December 16, 2015
‘All the World’s a Stage and Every Revolutionary a Commodity: Network and Its Progeny’
Although the cultural and political references of Network are very mid-1970s, the film has remained remarkably contemporary. (…)
Back to the future, and my claim that Network set a template we still follow: Katniss’ minders are all about using violence, or the rhetoric of “real revolutionaries,” to cut through “regularly scheduled programming” in order to redirect viewers to a different spectacle. In this sense, Hunger Games is progeny of the Patty Hearst saga – as prefigured by Network. The Hearst story, so central to Network’s Rubicon moment, has developed its own afterlife in American film and literature, as in Robert Stone’s brilliant documentary Guerrilla: The Taking of Patty Hearst. (…)

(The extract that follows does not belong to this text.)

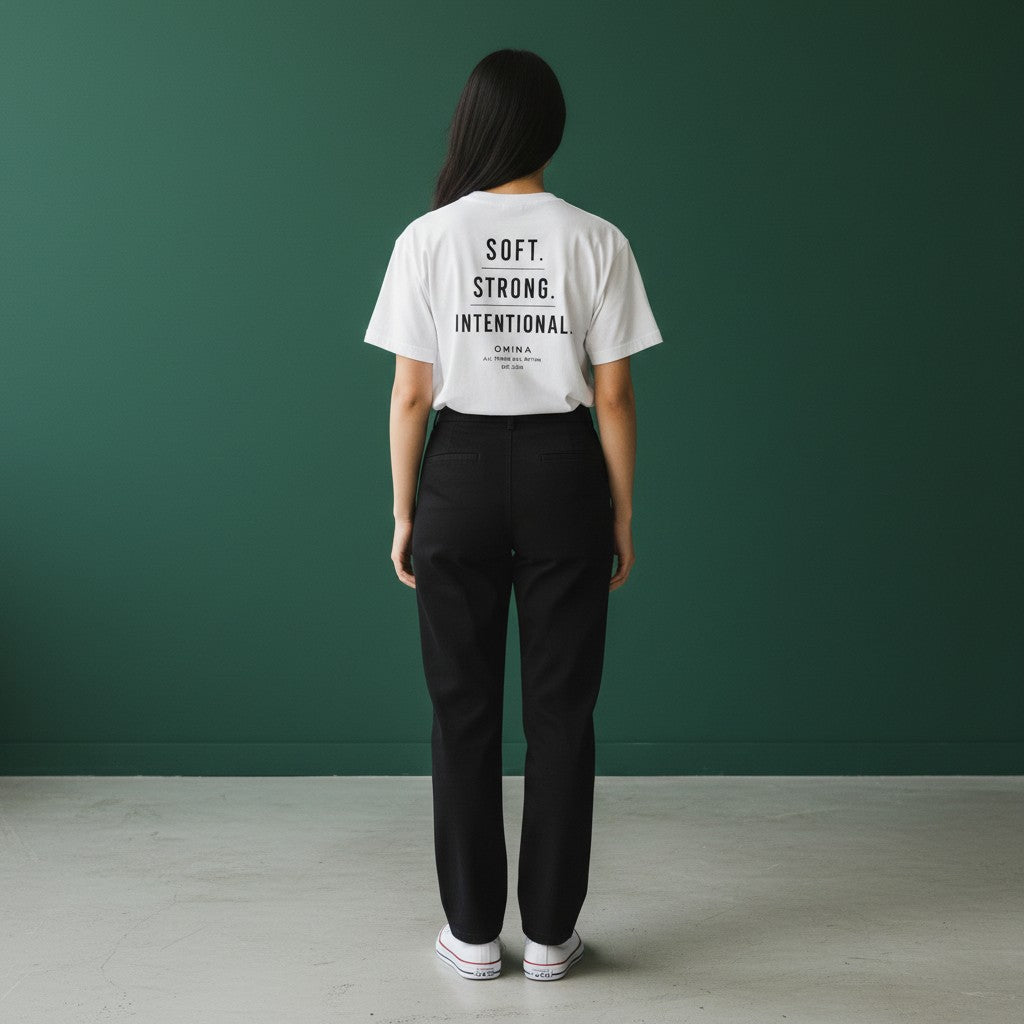 Omina white cotton t-shirt with black text reading SOFT. STRONG. INTENTIONAL. OMINA ALL THINGS ALL WITHIN EST. 2026.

Christensen has an epiphany about the commercial potential of what she sees as “authentic stuff.” “Maybe they’ll take movies of themselves kidnapping heiresses, hijacking 747s, bombing bridges, assassinating ambassadors.” She improvises the TV version of events – each week of the series will open with a section of the “authentic” footage, and a couple of writers will be hired to dramatize the story behind the footage. Voilà. Reality TV 1.0. (…)
Diana’s producers are skeptical, but she sees how her brainchild would fit with existing programming: “They’ve got Strike Force, Task Force, S.W.A.T. Why not Che Guevara and his own little mod squad?” The challenge is to convince the suits who kept recycling dramas about state-legitimized violence to get on board with the notion that counterculture or revolutionary violence can also sell. When Diana mandates “I want anti-establishment,” she is underscoring a new paradigm: the image of being anti-establishment is now an establishment cash cow.
In addition to burlesquing the romance of revolution in the entertainment industry, this scene also skewers white liberals. Diana’s view that the audience “is hungry for someone to articulate their rage” reveals the degree to which revolutionaries in general and black radicals in particular have penetrated the psychosexual fantasy life of white liberals during this era. That dynamic spread out into a more multiethnic fantasy life in subsequent generations.